Note: Please read the disclaimer. The author is not providing professional investing advice.
If you desire to develop your own magic trading formula through backtesting or data-mining, you’re going to want to use historical data to test your algorithm’s performance versus at least one benchmark, like the S&P 500.
But annual S&P returns, in my opinion, are not very easy to find. I went to the Standard & Poor site and clicked through a few menus, but all I could find were trailing gains (year-to-date, last year, last 3 years, last 5 years, etc.). Couldn’t get the year-by-year breakdown I was after.
OK, no problem, I thought. I’ll just use Yahoo! Finance’s historical data interface to look up the S&P 500 index (ticker ^GSPC) to see the opening and closing price for a given year.
And since the Magic Formula book has the year-by-year breakdown through 2004, I’ll compute 2004 just to make sure my numbers match Joel Greenblatt’s:
On the first trading day of 2004, ^GSPC opened at 1111.92.
On the last trading day of 2004, ^GSPC closed at 1211.92.
So the 2004 gain is : (1211.92 / 1111.92 – 1) x 100% = +9.0%
And lemme just cross-reference with the Little Book That Beats the Market…
Hold on! He lists the Y2.4K return for the S&P 500 as +10.9%, not +9.0%!
But hey, with no formal business training up my sleeve, (albeit one Engineering Economics class), I figured it probably had something to do with dividends not being factored in.
The good news – I was right! The bad news – while Yahoo does track historical dividends for other funds and stocks, they don’t seem to do it for the S&P 500 index. So now I know what the problem is, but can’t fix it.

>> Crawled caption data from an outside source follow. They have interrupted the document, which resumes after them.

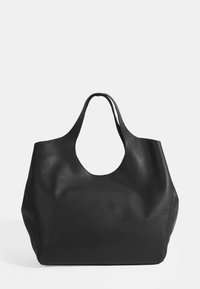 Zwarte lederen draagtas met een zachte textuur, een afgeronde vorm en brede handvatten. Voorzien van een open bovenkant en een groot centraal vak.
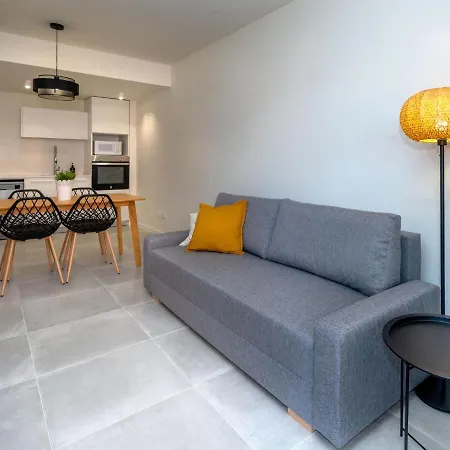 Waves By Interhome Apartman *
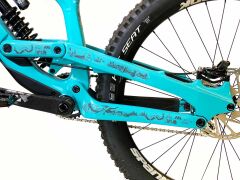 All Mountain Style Extra Kadro Koruyucu - Red Bull Hardline Dark Grey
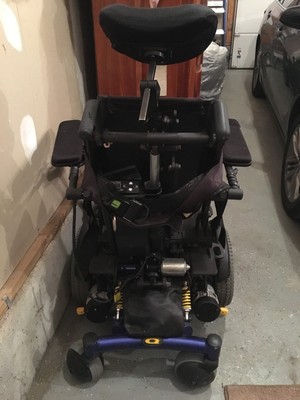 Pride Quantum 6000Z Power Wheelchair For parts  Or Repair Articulating Legs Tilt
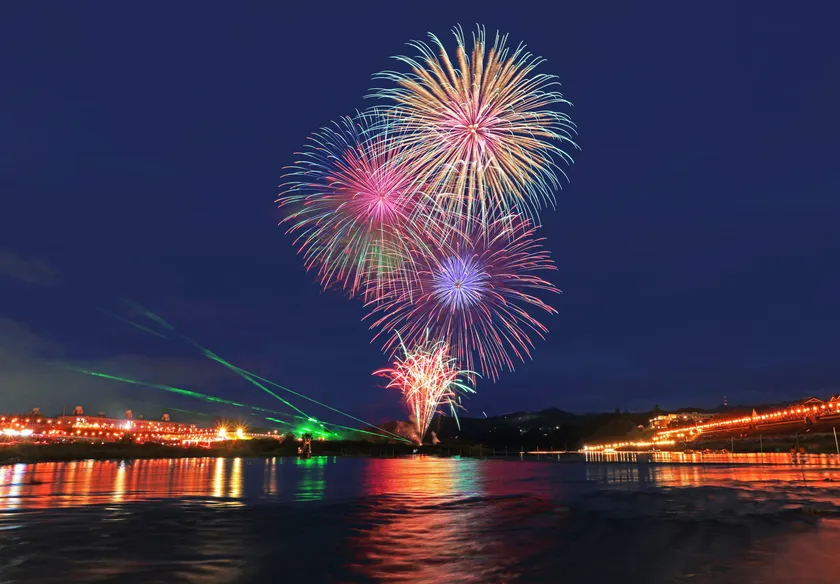 吉野川祭り　(C)五條市観光協会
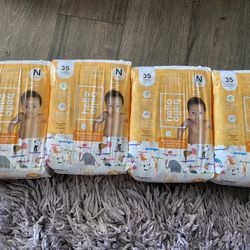 Newborn Diapers 140count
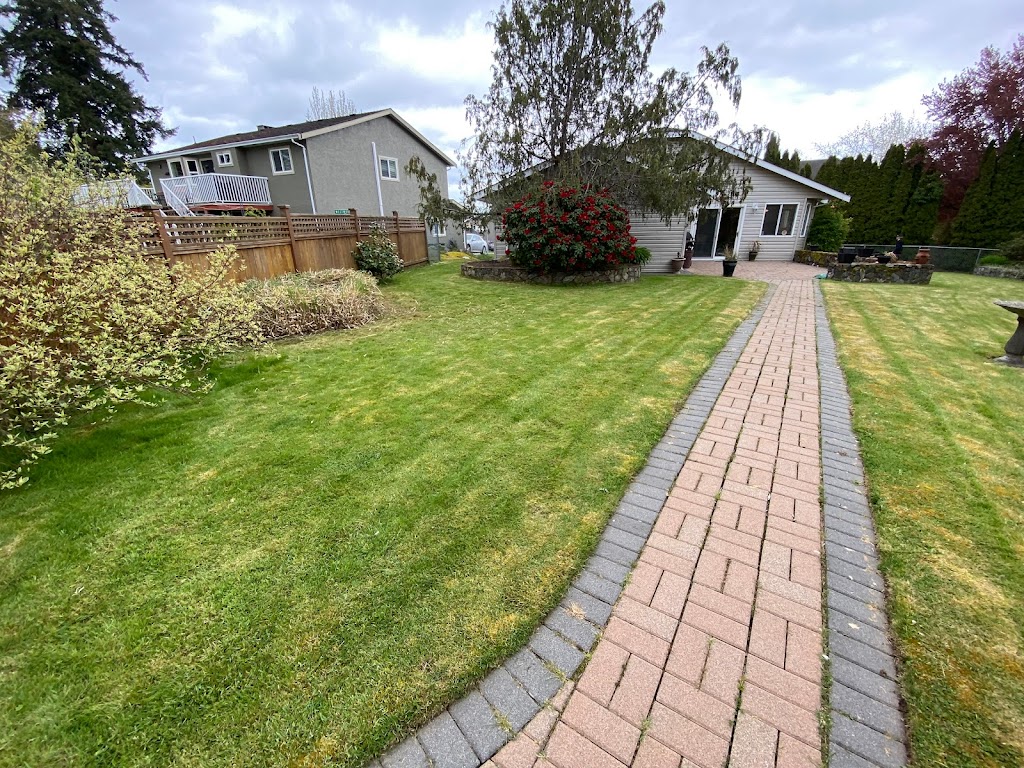 Freshman Landscaping Crew | Jedburgh Rd, View Royal, BC V9B 1K7, Canada | Phone: (250) 516-6687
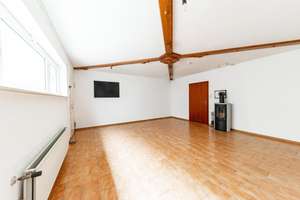 Frankfurt-Berkersheim: Familienfreundliches Reihenmittelhaus mit ca. 175 m² Wohnfläche und Garage – 60435 Berkersheim, Frankfurt am Main – Vorschaubild 15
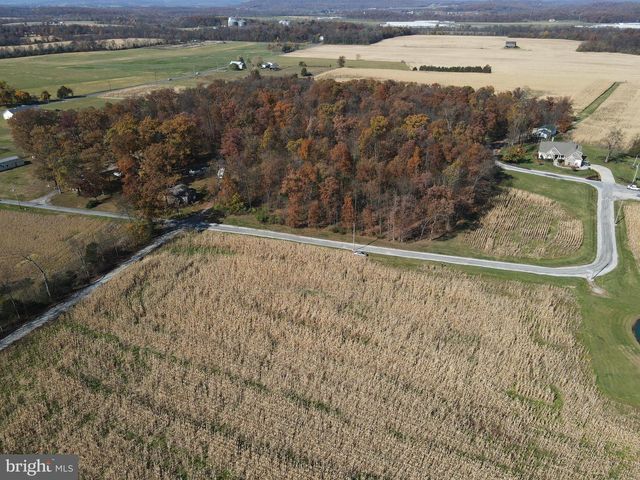 140 W REYNOLDS RD, New Oxford, PA 17350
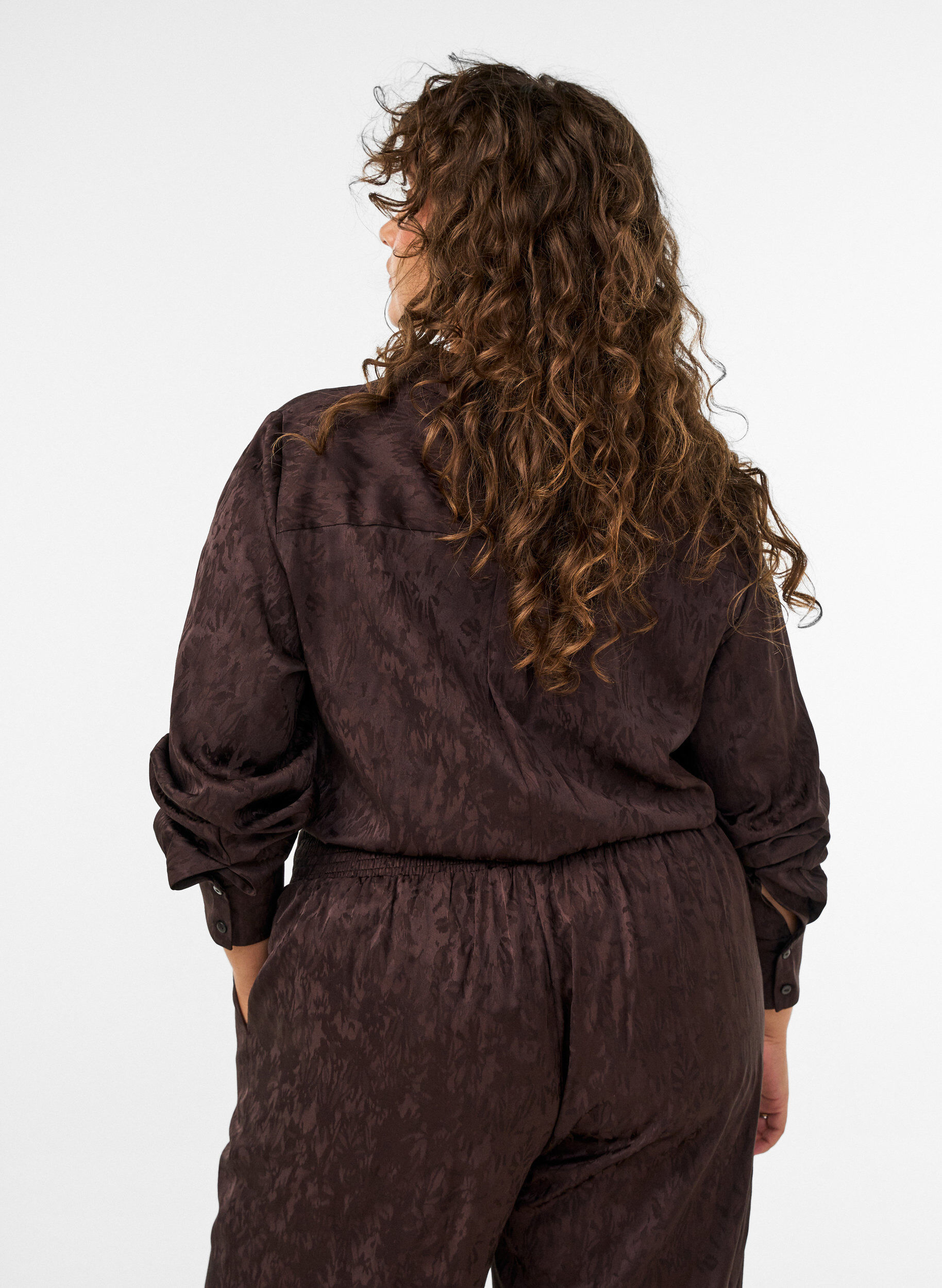 ZizziPaita samans&auml;vyisell&auml; paisley-kuviolla, Ruskea, Model image number 2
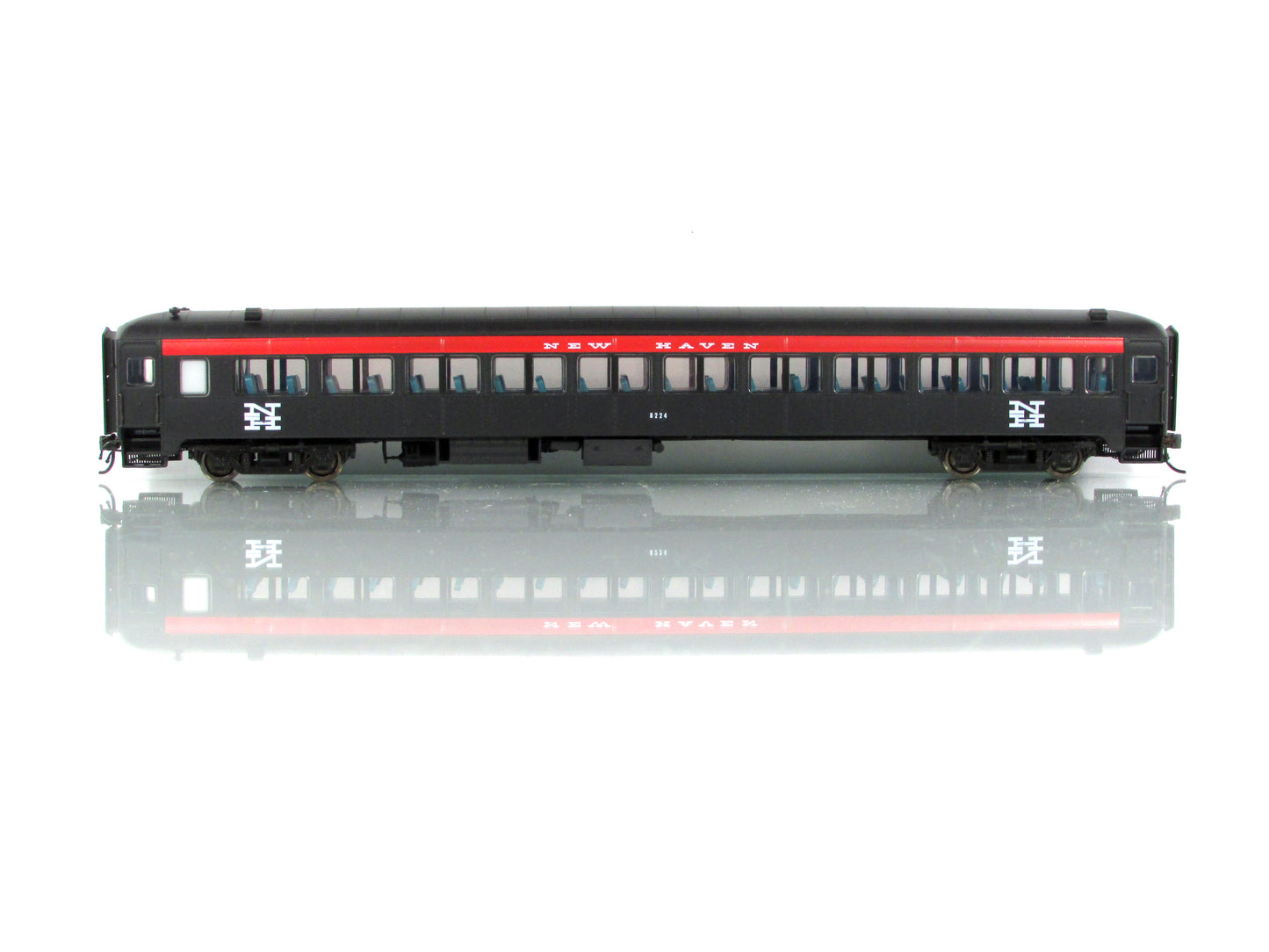HO Scale ***NEW HAVEN*** Osgood Bradley Coach #8224 ---- Rapido 109033, Lighted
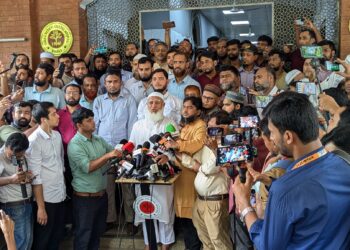 রাষ্ট্রের একটা বাহিনীর কতিপয় দুবৃত্তদের হামলায় আহত বৈষম্যবিরোধী ছাত্র আন্দোলনের অন্যতম প্রধান সমন্বয়ক হাসনাত আব্দুল্লাহকে হাসপাতালে দেখতে যান আমীরে জামায়াত ডা. শফিকুর রহমান।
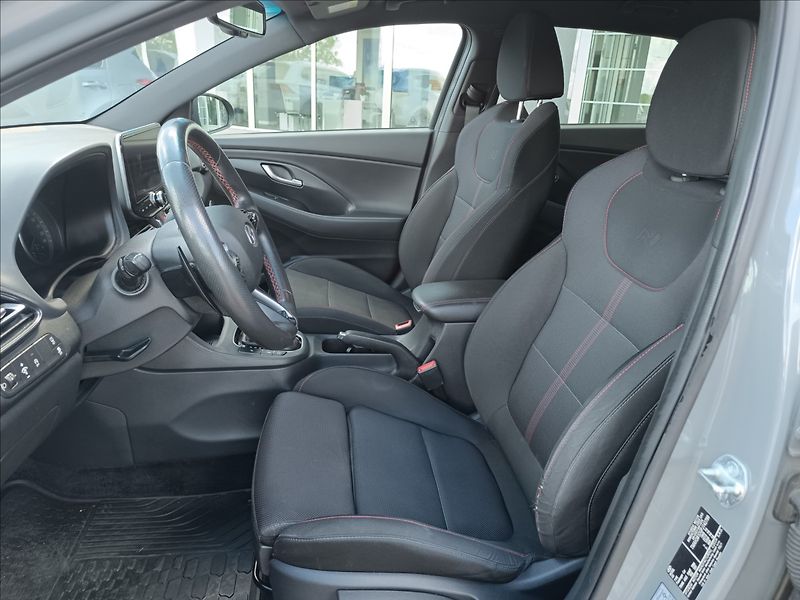 Hyundai i30 1,5 T-GDi, DCT N-line - fotka 9 z 18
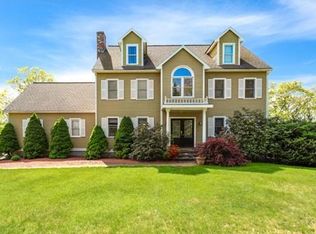 5 Follett Dr, Wrentham, MA 02093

Sheesh!
After some googling I did eventually find what I was looking for, and it was on the S&P site afterall! I still have no idea how to end up there starting from their top page, but who cares, here’s the link:
After opening, click on the “ANNUAL TOTAL RETURNS” tab at the bottom of the worksheet. Otherwise, you’re looking at monthly data.
Take a gander at Column E. They match Greenblatt’s numbers exactly. 🙂
And we now have two more data points since 2004:
In 2005 the S&P 500 returned +4.9%
In 2006 the S&P 500 returned +15.8%
If you do the geometric average over 1988 – 2006, you’ll see that the S&P 500 has averaged +12.2%. Not bad since that doubles your money every 6 years!
But speaking of 6 years, if you pick any of the earlier consecutive 6 years, the S&P returns at least 12%, often it’s significantly higher than that. However, if the 6 consecutive years you pick are more recent, they’re not so great – we’re talking low single digits.
Does that mean we’re overdue for a large return? Or we’ve entered a new economic paradigm? Do you seriously think I might know?!
Obviously I don’t, but I can offer some words of advice for those developing a trading algorithm. Step 1, which you no doubt know, is to only even consider implementing your homebrewed strategy (versus using an index fund) if it more often than not outperforms the S&P 500 – and does so with similar or lower risk (standard deviation).
And Step 2… Well since you’ve gone through the trouble to add the S&P benchmarks as a sort of acceptable lower bound, why not also use the Magic Formula results as your target upper bound to beat? The Magic Formula strategy is quick, easy, logical, and (historically) proven. Does it make sense to go with any strategy that doesn’t at least historically beat it?!
If you’ve tried to check some of Greenblatt’s computations yourself, one other (apparent) discrepancy you might see is regarding the average rate of return. If you compute it yourself and get a different number than he did, it’s because you’re using arithmetic average, not geometric.